Goldman Sachs in free software gambit
In a new gambit, Goldman Sachs is giving its most valuable software away for free to win more business from clients.
In an interview with The Wall Street Journal, Michael Dubno, who was CTO at Goldman Sachs for 20 years, discussed how the investment bank makes “billions of dollars in well-timed trades, and sidestep billions more in losses”.
No need to relate Dubno’s lengthy chat in detail, but the system, called Securities DataBase, or SecDB, is used by Goldman for measuring risk and analysing the prices of securities. It calculates 23 billion prices across 2.8 million positions daily.
The Wall Street Journal says it has “played a crucial role in many of the seminal moments of the firm’s recent history, including its controversial trading just ahead of the financial crisis”.
The system was a closely guarded secret and Goldman refused offers from rivals such as Deutsche Bank to licence the database.

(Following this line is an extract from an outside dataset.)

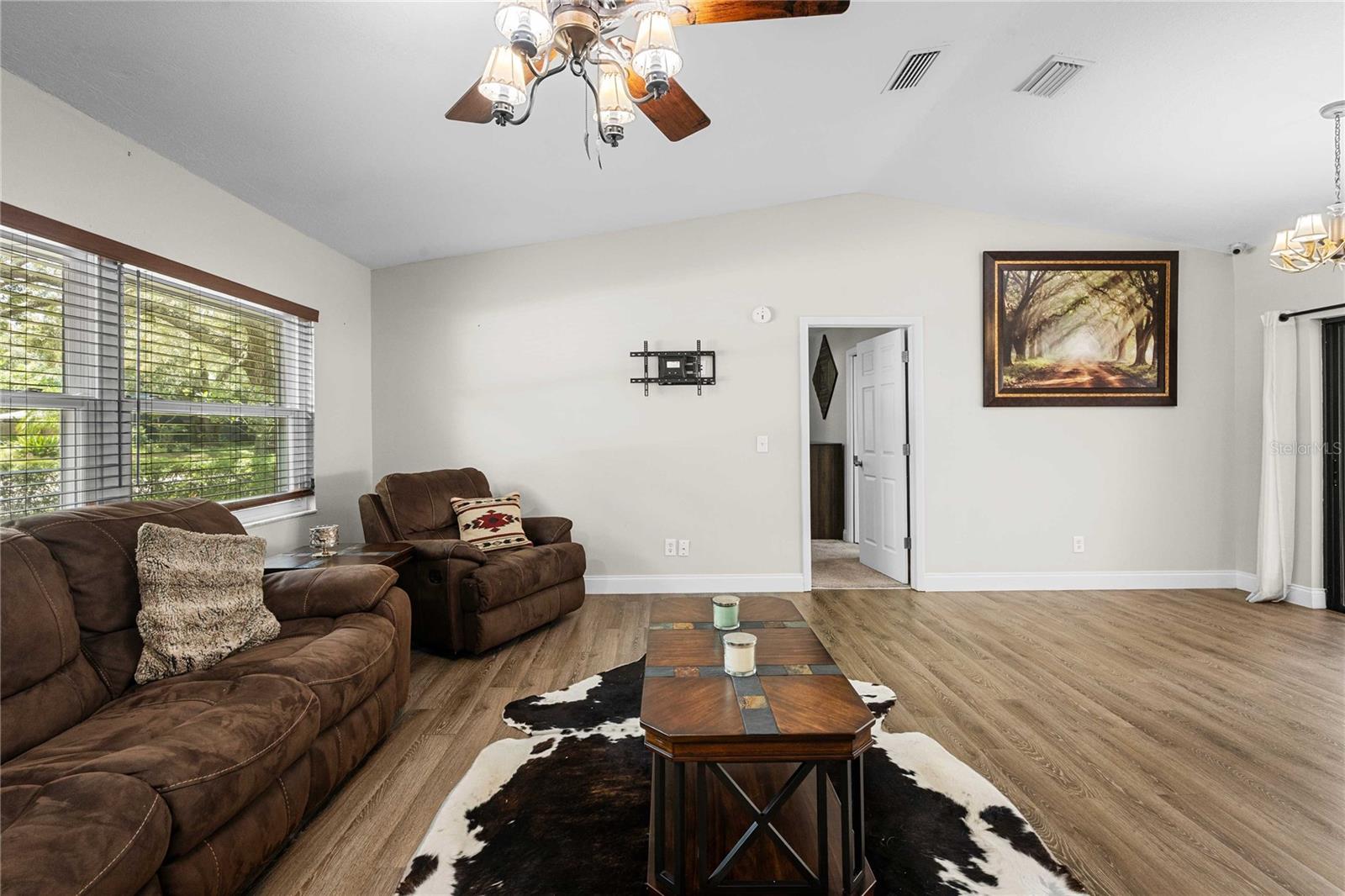 2423 FORREST CREST CIR — photo 15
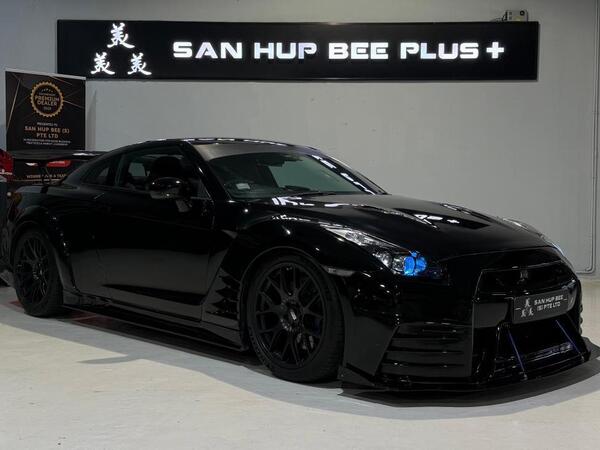 NISSAN GT-R 3.8 A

But in a change of heart… SecDB is now free. Actually, heart had nothing to do with it. It was a change in regulations.
The Wall Street Journal says “many of the edges that once made Goldman’s traders feared and admired have been blunted. New rules have limited banks’ trading risks, and made it costly to hold large inventories of stocks and bonds on their books. And electronic trading has squeezed margins, dimming the clamour of trading floors across Wall Street.”
With this new freebie, Goldman is now looking to carve out its own niche in a crowded field.